Islamabad, December 1, 2024 – The Federal Board of Revenue (FBR) is grappling with an expanding revenue shortfall for November 2024, compounding challenges in meeting the national tax agency’s collection targets for the fiscal year.
The FBR was tasked with collecting over Rs 1 trillion in November 2024. However, provisional figures indicate revenue collection reached approximately Rs 855 billion, falling short by Rs 148 billion. Officials expect this figure to rise marginally by Rs 4–5 billion upon final reconciliation and data compilation, but the gap will remain significant.
During the first five months of FY 2024–25 (July–November), the FBR collected Rs 4.295 trillion against a cumulative target of Rs 4.64 trillion, reflecting a shortfall of Rs 344 billion. Despite this, year-over-year growth has been notable, with November 2024 revenues totaling Rs 851 billion compared to Rs 736 billion in November 2023, marking an increase of Rs 115 billion.

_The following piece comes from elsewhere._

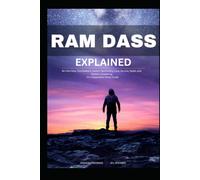 Ram Dass Explained: Be Here Now, Psychedelics, Eastern Spirituality, Love, Service, Death, and Western Awakening - An Independent Study Guide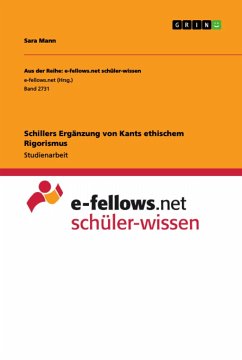 Schillers Ergänzung von Kants ethischem Rigorismus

Sources attribute the November shortfall to several disruptive factors, including recent political protests and government-imposed lockdowns. These events brought economic activity to a halt for nearly five days, affecting key sectors such as manufacturing, trade, and services. The protests created a climate of uncertainty, severely impacting business operations and subsequently hindering tax collection efforts.
Despite the eventual resolution of the political unrest, its ripple effects lingered throughout the month, contributing to an estimated revenue shortfall of Rs 160 billion against the ambitious target. FBR officials have acknowledged the impact of these disruptions on revenue performance and emphasized the need for stability to achieve fiscal objectives.
Looking ahead, the FBR faces mounting pressure to bridge the cumulative shortfall as the fiscal year progresses. Enhanced enforcement measures, broadening the tax base, and addressing administrative inefficiencies will be critical in boosting collections. However, achieving the full-year target of Rs 9.415 trillion may require additional policy interventions and political stability.
The widening revenue gap underscores the challenges confronting the FBR amidst a volatile political and economic landscape, highlighting the urgency of strategic reforms to meet the country’s growing fiscal needs.